Made predominantly of dried vine fruit, candied citrus peel and nuts, Christmas pudding is a chunk of southern sun in the depths of the dark northern winter. Acting as the denouement of our yuletide blow-out, it is the fate of many puds to remain untouched or even uncooked, but in the right circumstances, well away from turkey or goose, this calorie bomb gains considerably in its appeal. I speak from hard-won experience, having just tackled 15 of these epic desserts in three sessions with the help of three teams of tasters.

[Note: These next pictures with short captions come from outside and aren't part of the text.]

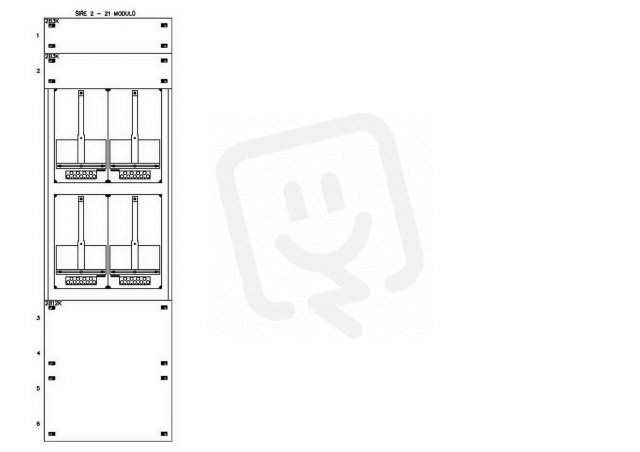 Konstrukce elektroměrová 2-36, 2-řadá, plastové panely SCHRACK CSIL127236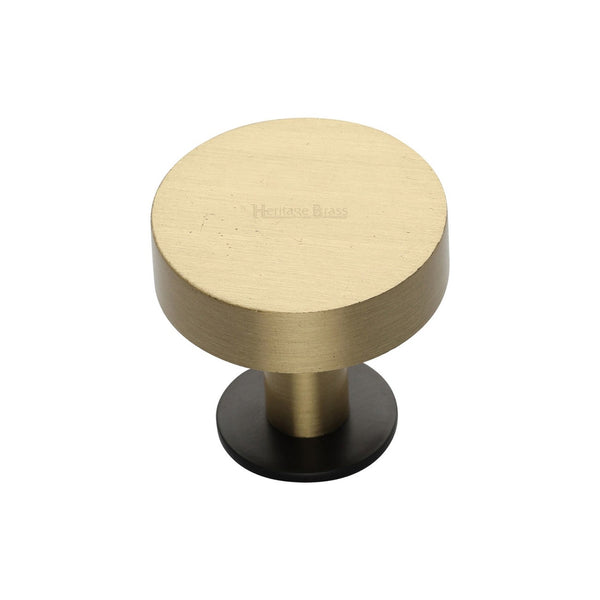 Disc Cabinet Knob With Base by M Marcus - Heritage Brass
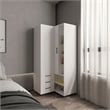 Pemberly Row Corner Wardrobe Armoire with Double Doors in White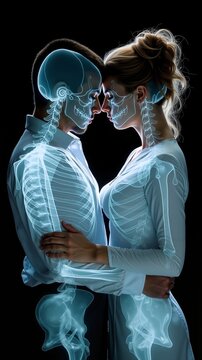 A man and a woman are kissing in front of a skeleton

When the puddings were released from the steam where they had spent a scalding couple of hours, I was able to appreciate the accuracy of Dickens's description of the Cratchit family's kitchen in A Christmas Carol: "Hallo! A great deal of steam... A smell like an eating-house, and a pastry cook's, next door to each other, with a laundress's next door to that! That was the pudding."
Faced with a line of dark-brown puddings steaming like freshly-shot cannon balls, I was determined to exercise restraint. But it is hard to carve a modicum of pud and even harder to stop eating when you have started on the raisin-packed aggregate. It didn't seem to matter how small a piece I tried to cleave – a teaspoonful, a mustardspoonful, a molecule – the result was always pretty substantial. By the end of each session, I felt like I had swallowed a wrecking ball, but that didn't stop me snaffling one last morsel.

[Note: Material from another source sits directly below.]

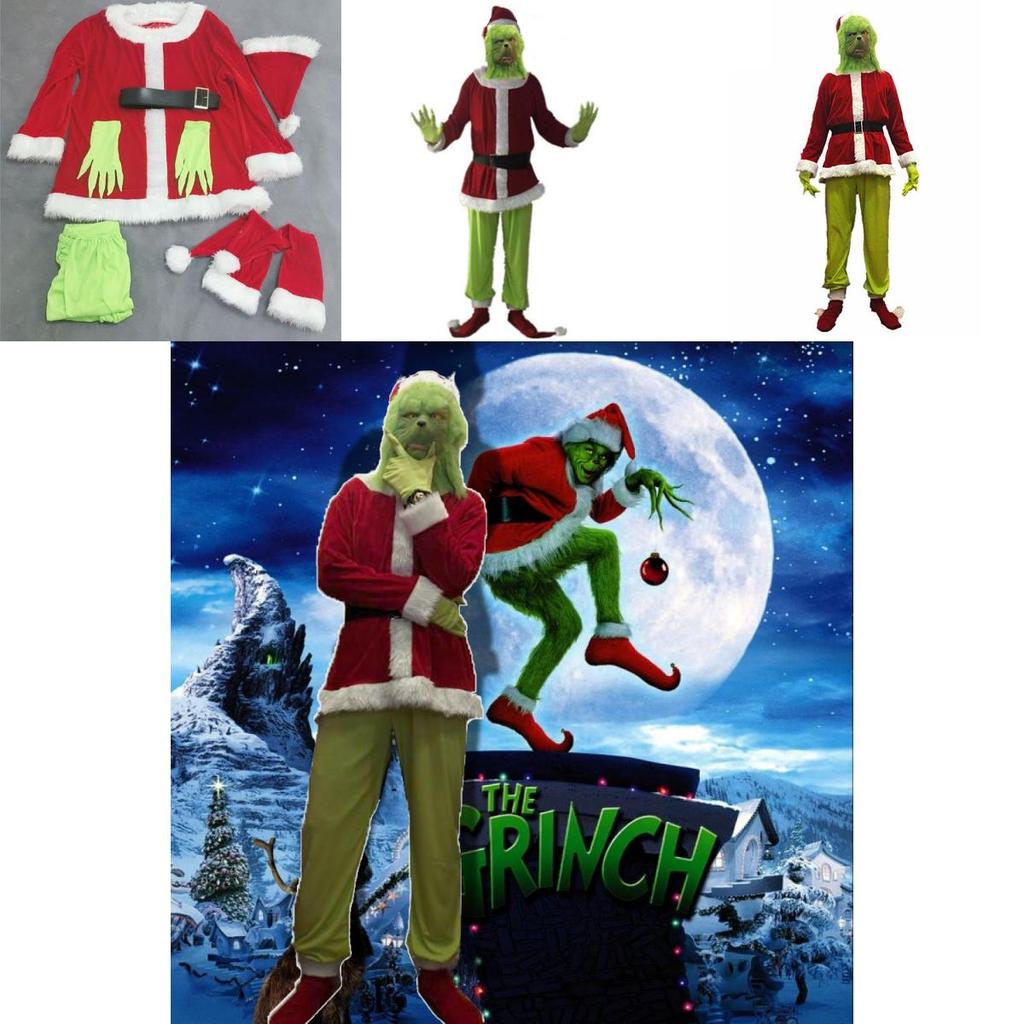 Eye-catching Grinch Cosplay Costume Set For Halloween Masquerade Parties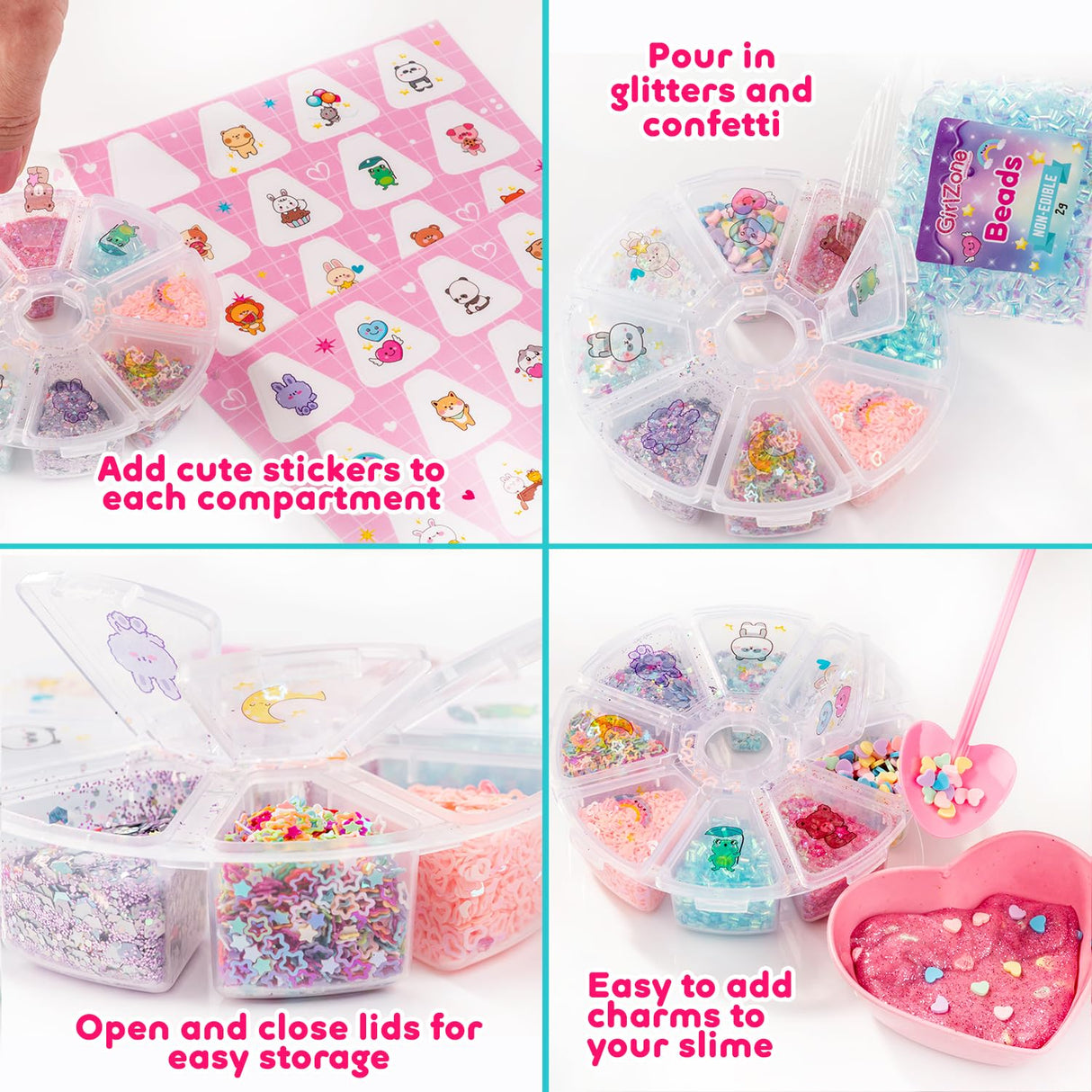 GirlZone My Cutie Pie Slime Kit, Fun Slime Making Kit for Girls to Make Butter Slime and Slime for Girls Keychains, Sensory Slime Kits for Girls GirlZone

Though the arrival of the Christmas pudding surrounded by flickering blue flames of fiery brandy is the greatest coup de théâtre on the British dining table, some of our supermarket chains have decided that it is high time for puds to put on the bling. M&S is selling one topped with gold cherries and edible gold dust, while Tesco goes one better with a topping of real gold leaf. There's also some funny business going on inside certain puds. Last year, Heston Blumenthal's Hidden Orange Christmas Pudding provoked unseasonal jostling in Waitrose. This year, Sainsbury's has produced a pud packed with kirsch-soaked cherries.

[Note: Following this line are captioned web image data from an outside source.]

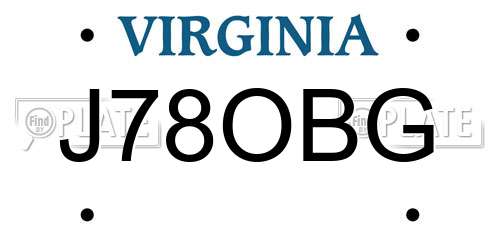 J78OBG Virginia License Plate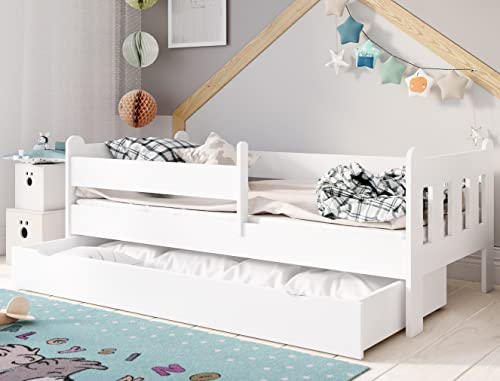 Kids Collective Kinderbett 80x160 | 80x180 | 90x200 cm mit Schublade, Rausfallschutz & Lattenrost in weiß 80x160 cm Mädchen Jungen Bett | von 3. bis 10. Lebensjahr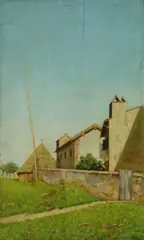 Paesaggio toscano by Fabio Borbottoni, Sul verso: antico cartiglio scritto con i dati dell'opera., offered Apr 2017
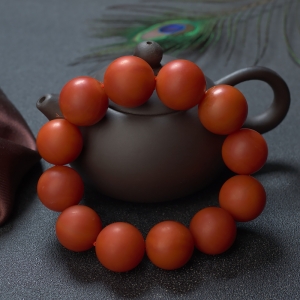 柿子红南红单圈手串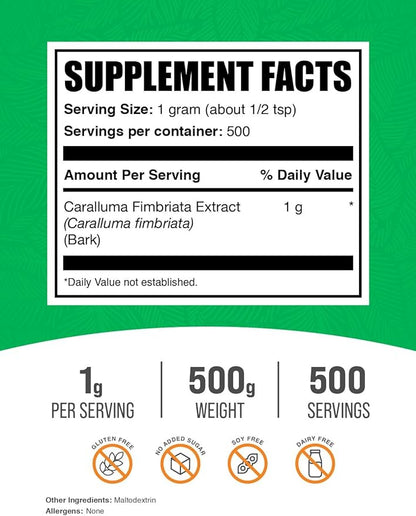 BulkSupplements.com Caralluma Fimbriata Extract Powder - Caralluma Fimbriata 1000mg, Caralluma Fimbriata Powder - Gluten Free, 1000mg per Serving, 500g (1.1 lbs) (Pack of 1)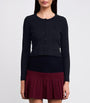Sandro Paris Blue Rib-Knit Cropped Cardigan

Such amendments strike me as novelties in a gastronomic form that reached perfection somewhere around 1840. The very best Christmas puddings of today are still made with beef suet rather than modern vegetarian substitutes. Not that we should dispense with all innovations. In a celebrated article, Elizabeth David described spending two days making Christmas pudding on a Greek island: "When I hear people moaning about ... how much better things were in the old days, I wonder if they have ever given a thought to what it was like to shred suet, clean currants, take the stones out of huge sticky raisins, chop the ... peel, pound the spices...". It was even worse when the pudding was boiled in floured cloth before cheap basins came along. The result was, according to one observer, "a sort of raisin and currant soup".
Elizabeth David never recovered from her experience on Syros: "I find Christmas plum pudding a pretty awful concoction". Even after my onslaught of 15 puds, I don't share her animus. The Christmas pudding is full of good things. Unfortunately, it's just too full of them to have more than one day a year – preferably Boxing Day.